Kunhe Yang, University of California at Berkeley
Distortion of AI Alignment: Does Preference Optimization Optimize for Preferences?
After pre-training, large language models are aligned with human preferences based on pairwise comparisons. State-of-the-art alignment methods (such as PPO-based RLHF and DPO) are built on the assumption of aligning with a single preference model, despite being deployed in settings where users have diverse preferences. As a result, it is not even clear that these alignment methods produce models that satisfy users on average — a minimal requirement for pluralistic alignment. Drawing on social choice theory and modeling users’ comparisons through individual Bradley-Terry (BT) models, we introduce an alignment method’s distortion: the worst-case ratio between the optimal achievable average utility, and the average utility of the learned policy.
The notion of distortion helps draw sharp distinctions between alignment methods: Nash Learning from Human Feedback achieves the minimax optimal distortion of $(1/2+o(1))\beta$ (for the BT temperature $\beta$), robustly across utility distributions, distributions of comparison pairs, and permissible KL divergences from the reference policy. RLHF and DPO, by contrast, suffer $\ge (1-o(1))\beta$ distortion already without a KL constraint, and $e^{\Omega(\beta)}$ or even unbounded distortion in the full setting, depending on how comparison pairs are sampled.

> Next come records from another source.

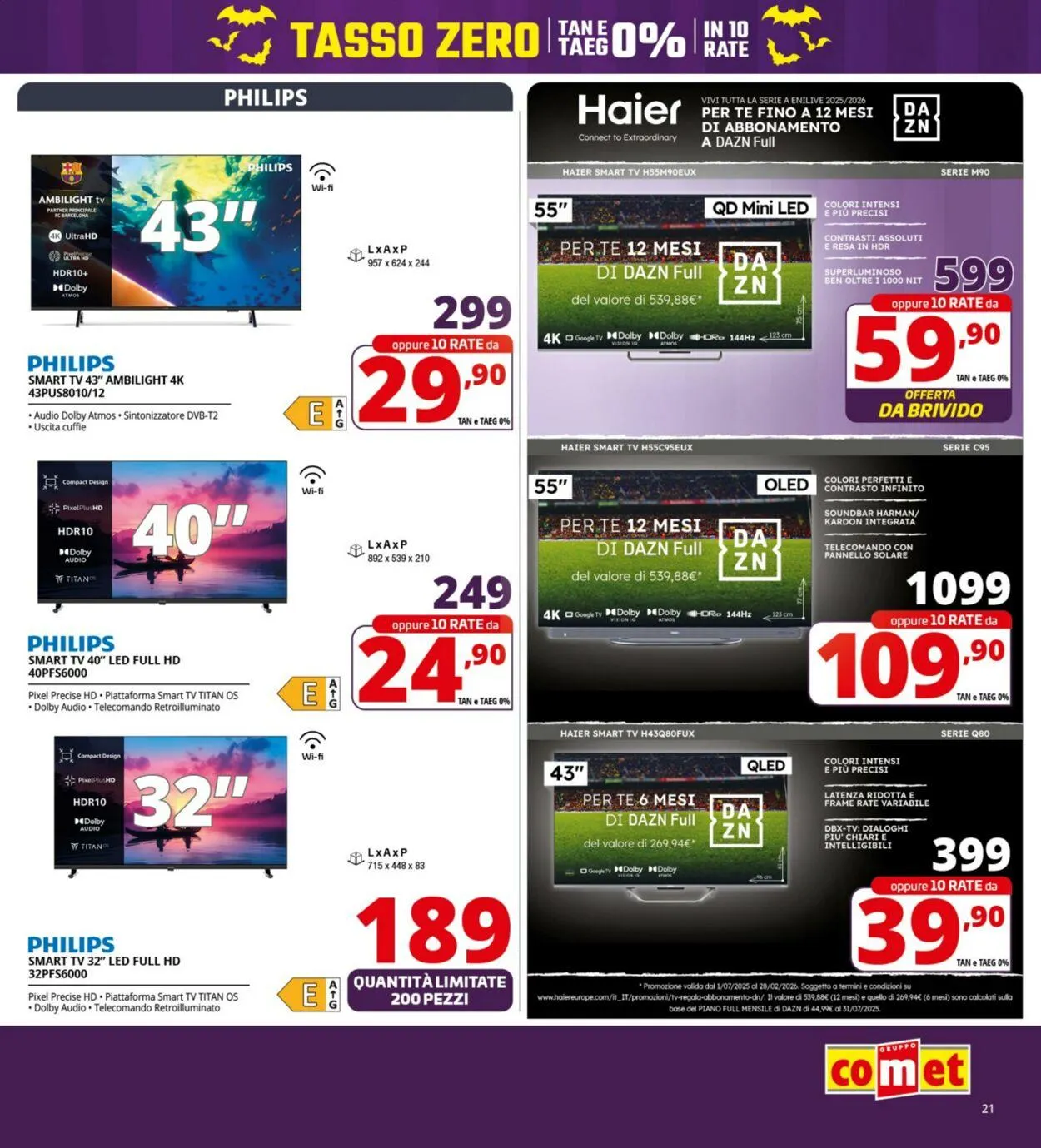 Comet Volantino attuale da 24 ottobre a 30 ottobre di 2025 - Pagina del volantino 21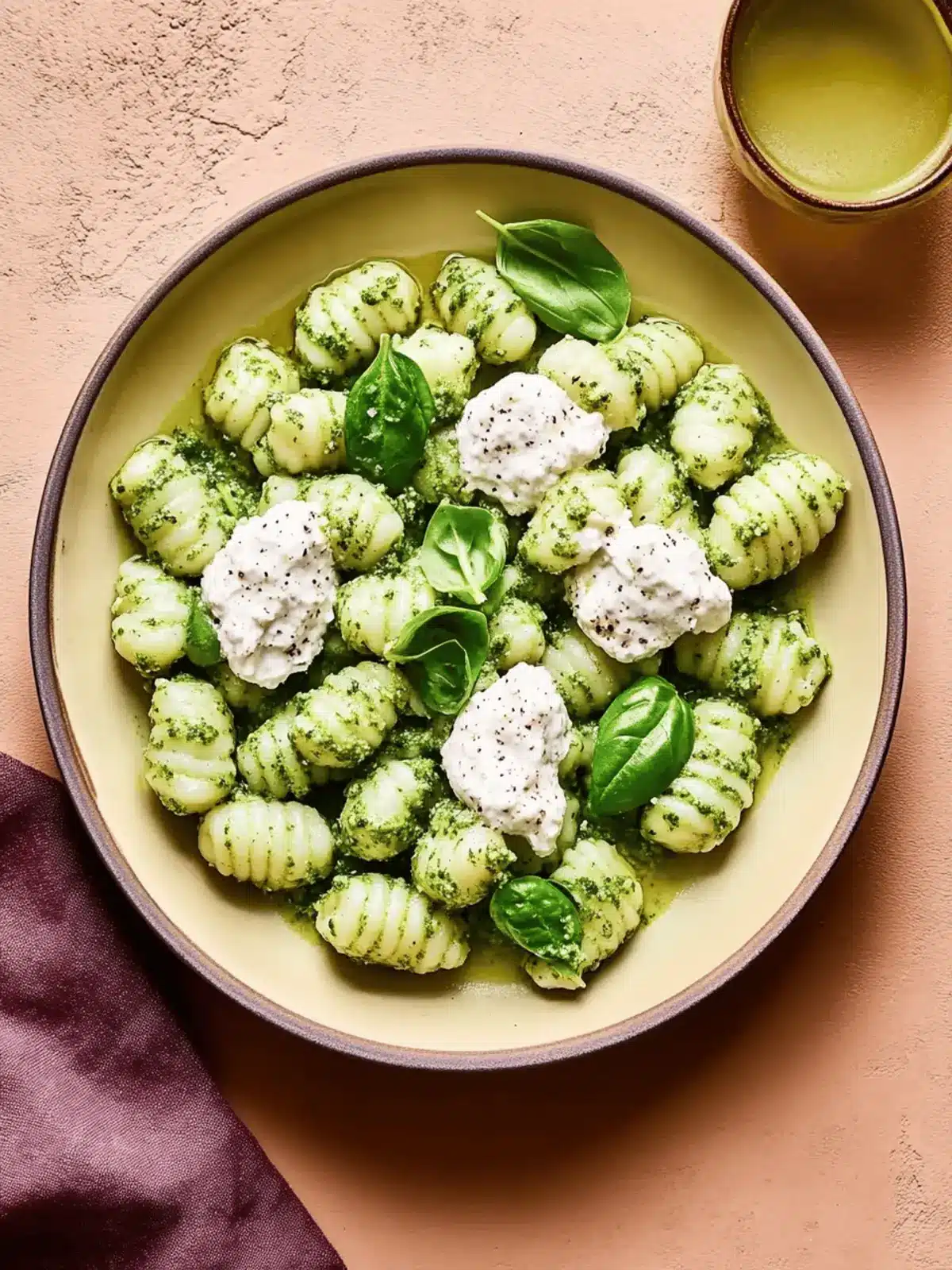 Spinach Pesto Gnocchi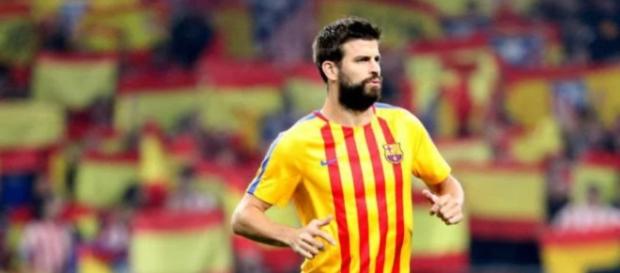 Piqué calentando en el Metropolitano Piqué calentando en el Metropolitano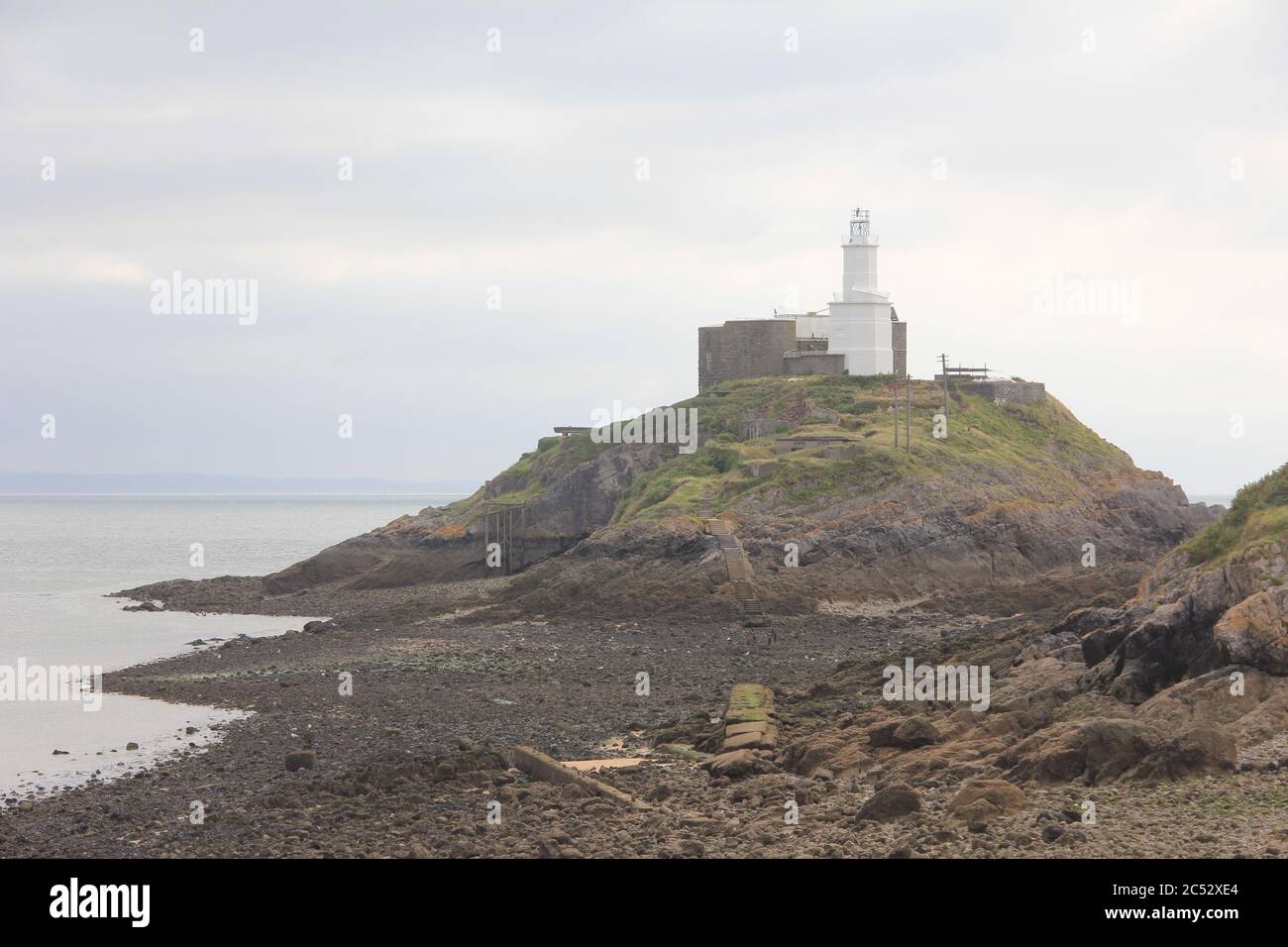 Murmbles Pier in Swansea Bay, Wales. Stockfoto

Natalie Collina, University of Pennsylvania
Emergent Alignment via Competition
Aligning AI systems with human values remains a fundamental challenge, but does our inability to create perfectly aligned models preclude obtaining the benefits of alignment? We study a strategic setting where a human user interacts with multiple differently misaligned AI agents, none of which are individually well-aligned. Our key insight is that when the users utility lies approximately within the convex hull of the agents utilities, a condition that becomes easier to satisfy as model diversity increases, strategic competition can yield outcomes comparable to interacting with a perfectly aligned model. We model this as a multi-leader Stackelberg game, extending Bayesian persuasion to multi-round conversations between differently informed parties, and prove three results: (1) when perfect alignment would allow the user to learn her Bayes-optimal action, she can also do so in all equilibria under the convex hull condition (2) under weaker assumptions requiring only approximate utility learning, a non-strategic user employing quantal response achieves near-optimal utility in all equilibria and (3) when the user selects the best single AI after an evaluation period, equilibrium guarantees remain near-optimal without further distributional assumptions. We complement the theory with two sets of experiments.